I’ve just completed reading two books about shame – Curt Thompson’s The Soul of Shame: Retelling the Stories we Believe about Ourselves and Ed Welch’s Shame Interrupted: How God Lifts the Pain of Worthlessness and Rejection. Both are written from a Christian perspective. Both include important insights from psychology. Both do an excellent job of describing and defining the problem. They differ significantly when they propose solutions. Thompson’s falls short of offering the full solution of the gospel. Welch’s sings with wonder when showing how powerfully the cross “lifts the pain” of shame.
Both Thompson and Welch see profound significance (rightfully so, in my opinion) that scripture describes the man and the woman before the fall as “naked and without shame.” Of all the possible things to zero in on, why does lack of shame get mentioned? The inspired writer could have said the man and woman were naked and enjoyed great happiness or felt much delight or experienced freedom or felt no guilt or worshipped freely or quite a few other things.
Thompson and Welch bring years of counseling experience to the writing and offer wisdom in their analysis of this widespread problem. They write with compassion as they tell stories of people who experienced deep pain and saw remarkable change by God’s grace. Thompson adds unique contributions from neurobiology, strengthening his arguments for the potentially destructive power of shame.
But I was extremely disappointed when I arrived at Thompson’s sixth chapter “Shame’s Remedy: Vulnerability.” The solution to this terrible problem of hiding from God and others, Thompson says, is to make ourselves vulnerable.
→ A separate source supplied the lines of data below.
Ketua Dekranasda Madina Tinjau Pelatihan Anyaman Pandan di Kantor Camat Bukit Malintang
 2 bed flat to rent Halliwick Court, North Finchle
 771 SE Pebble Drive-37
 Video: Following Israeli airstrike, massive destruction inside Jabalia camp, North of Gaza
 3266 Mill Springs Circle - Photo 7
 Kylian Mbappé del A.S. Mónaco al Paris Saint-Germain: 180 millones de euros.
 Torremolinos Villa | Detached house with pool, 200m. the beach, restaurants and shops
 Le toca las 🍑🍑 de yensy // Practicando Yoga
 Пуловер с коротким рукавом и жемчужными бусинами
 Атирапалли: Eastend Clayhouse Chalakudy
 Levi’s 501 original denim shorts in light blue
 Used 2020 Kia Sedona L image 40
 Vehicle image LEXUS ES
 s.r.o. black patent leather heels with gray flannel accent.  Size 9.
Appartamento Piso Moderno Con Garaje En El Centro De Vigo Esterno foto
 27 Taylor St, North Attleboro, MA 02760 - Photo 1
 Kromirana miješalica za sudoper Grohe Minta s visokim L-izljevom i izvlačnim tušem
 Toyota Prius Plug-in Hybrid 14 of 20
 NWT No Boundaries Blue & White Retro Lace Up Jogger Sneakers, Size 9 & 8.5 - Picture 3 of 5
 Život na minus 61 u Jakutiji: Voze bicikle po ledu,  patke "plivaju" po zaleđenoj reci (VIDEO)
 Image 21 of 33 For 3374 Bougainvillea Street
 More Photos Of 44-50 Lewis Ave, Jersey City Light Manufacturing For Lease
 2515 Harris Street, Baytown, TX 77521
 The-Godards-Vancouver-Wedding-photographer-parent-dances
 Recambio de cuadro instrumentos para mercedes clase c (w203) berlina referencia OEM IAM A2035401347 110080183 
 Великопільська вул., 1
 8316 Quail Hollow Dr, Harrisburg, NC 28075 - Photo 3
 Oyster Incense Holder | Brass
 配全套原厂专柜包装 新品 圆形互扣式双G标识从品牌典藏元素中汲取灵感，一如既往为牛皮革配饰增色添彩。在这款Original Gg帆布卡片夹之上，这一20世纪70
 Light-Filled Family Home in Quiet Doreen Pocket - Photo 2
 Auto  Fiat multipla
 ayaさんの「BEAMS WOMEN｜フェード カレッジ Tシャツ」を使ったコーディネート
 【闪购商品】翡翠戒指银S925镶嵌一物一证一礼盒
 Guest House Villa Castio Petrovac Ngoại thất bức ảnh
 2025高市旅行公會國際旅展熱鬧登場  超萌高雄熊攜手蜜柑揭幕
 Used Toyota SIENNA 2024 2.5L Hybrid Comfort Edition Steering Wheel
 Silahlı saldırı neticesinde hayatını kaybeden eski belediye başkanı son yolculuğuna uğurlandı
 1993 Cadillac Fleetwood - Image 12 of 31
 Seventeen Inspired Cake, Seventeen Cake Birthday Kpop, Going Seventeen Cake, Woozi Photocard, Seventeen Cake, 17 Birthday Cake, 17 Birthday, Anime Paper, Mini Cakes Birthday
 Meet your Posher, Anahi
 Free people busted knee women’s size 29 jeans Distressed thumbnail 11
We need to follow the pattern God established when He made himself vulnerable to us. He did this by creating us in the first place and experiencing the worst shame anyone could experience by dying on the cross. We also need to “despise” shame as Jesus did on the cross. (see Hebrews 12:2)
Thompson illustrates this path to freedom through vulnerability by telling a story of a woman who confessed her adultery to her husband. She made herself vulnerable to him and that began the process of healing. I don’t doubt that such vulnerability is helpful. But I kept waiting for some discussion about Jesus’ payment for sin as the substance that removes shame. I kept wondering if I missed it. I even read the book twice. The closest hint I could find was Thompson’s statement that when God made himself vulnerable for our rejection of him, he came to the man and the woman in the garden and “felt their rejection.” He later adds, “we have no reason to doubt that that moment was the first of many moments that would culminate on Good Friday.” (p. 123)
If Thompson merely hints at the atonement on just one page, Welch elaborates about it for over a hundred. I found reading Welch’s exposition of the entire Biblical narrative to be nothing short of doxological. His chapter on the Levitical priesthood almost made me weep. I’m not kidding. The bulk of his book builds to the climactic chapter called “The Cross.”
Here’s just a taste of how Welch links our shame to the greater shame of the cross:
“First we saw only our own shame. Now we see that Jesus’ shame was deeper than our own, and we were among the scorners.
First we saw only our own alienation and rejection. Now we see that Jesus’ alienation and rejection was at the hands of the entire world, ourselves included.
First we saw only contempt and self-contempt. Now we see that all human contempt was focused on Jesus – and we participated….
When Jesus and his shame occupy our attention, our own shame becomes less controlling.” (180-181)
Welch brings both his theological and psychological training to bear as he walks us, gradually and graciously, from the shame of sin to the grace of the cross. At one point, I wondered if his book could have been shorter than its 325 pages. But around page 285, I sensed that I needed the time to process not just the concepts and thoughts of Shame Interrupted but also to allow the skilled therapist-author to help me move from shame to praise.
Both books provide helpful insight about a problem some of us need to face head on. If you’re only going to read one, I recommend Walsh’s.